Forced swimming stress increases natatory activity of lead-exposed mice  

Araujo, Ulisses C. (Laboratorio de Neurofisiologia, Departamento de Ciencias Fisiologicas, Instituto de Biologia Roberto Alcantara Gomes, Centro Biomedico, Universidade Do Estado Do Rio de Janeiro)
Krahe, Thomas E. (Departamento de Psicologia, Pontificia Universidade Catolica Do Rio de Janeiro)
Ribeiro‑Carvalho, Anderson (Departamento de Ciencias, Faculdade de Formacao de Professores da, Universidade Do Estado Do Rio de Janeiro)

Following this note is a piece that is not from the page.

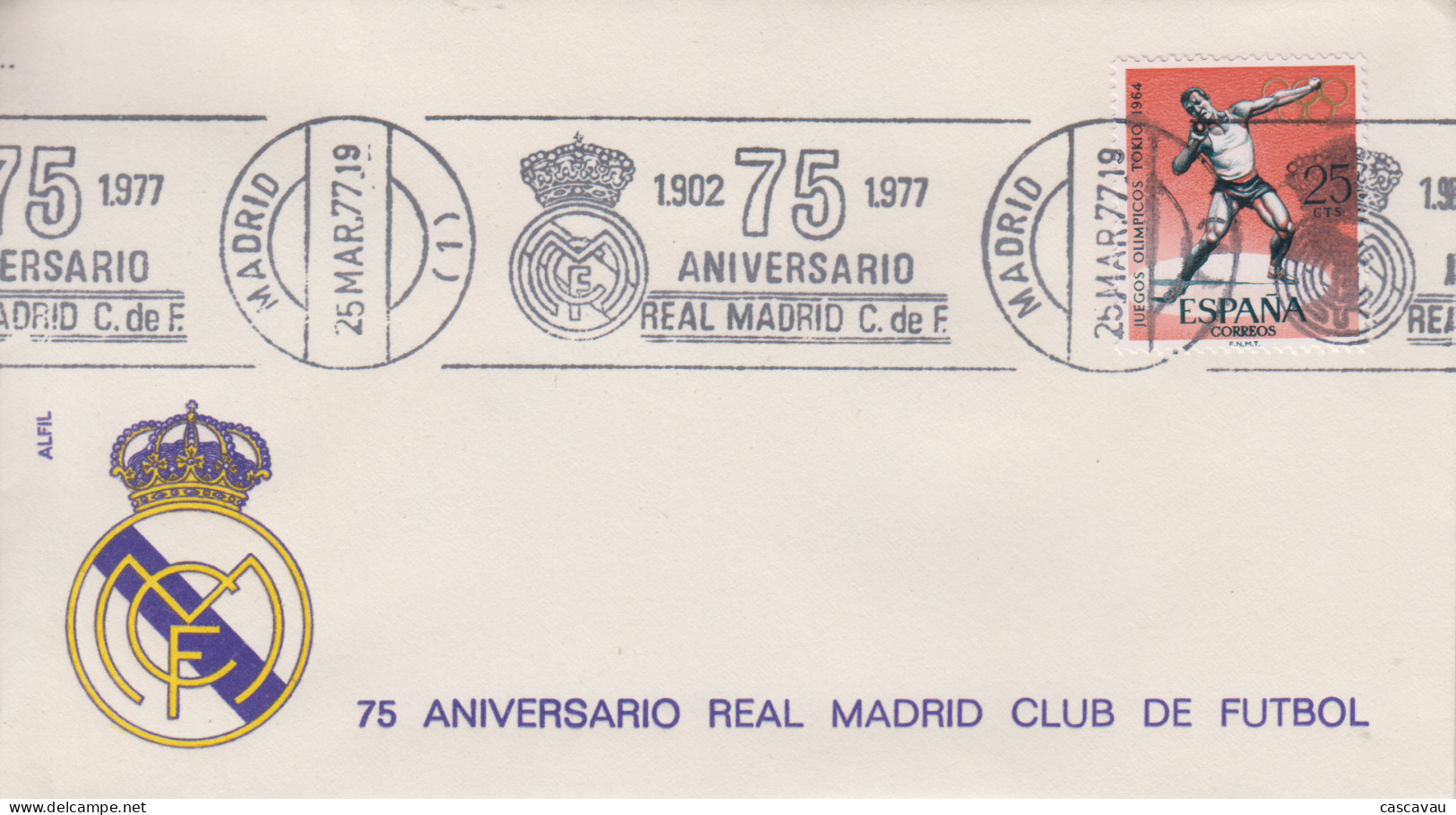 Enveloppe  ESPAGNE    FOOTBALL   75éme   Anniversaire   Du   Club    REAL  DE   MADRID    1977 - Berühmte Teams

Gomes, Regina A.A. (Centro de Estudos da Saude Do Trabalhador E Ecologia Humana, Escola Nacional de Saude Publica, Fundacao Oswaldo Cruz)
Lotufo, Bruna M. (Laboratorio de Neurofisiologia, Departamento de Ciencias Fisiologicas, Instituto de Biologia Roberto Alcantara Gomes, Centro Biomedico, Universidade Do Estado Do Rio de Janeiro)
Moreira, Maria de Fatima R. (Centro de Estudos da Saude Do Trabalhador E Ecologia Humana, Escola Nacional de Saude Publica, Fundacao Oswaldo Cruz)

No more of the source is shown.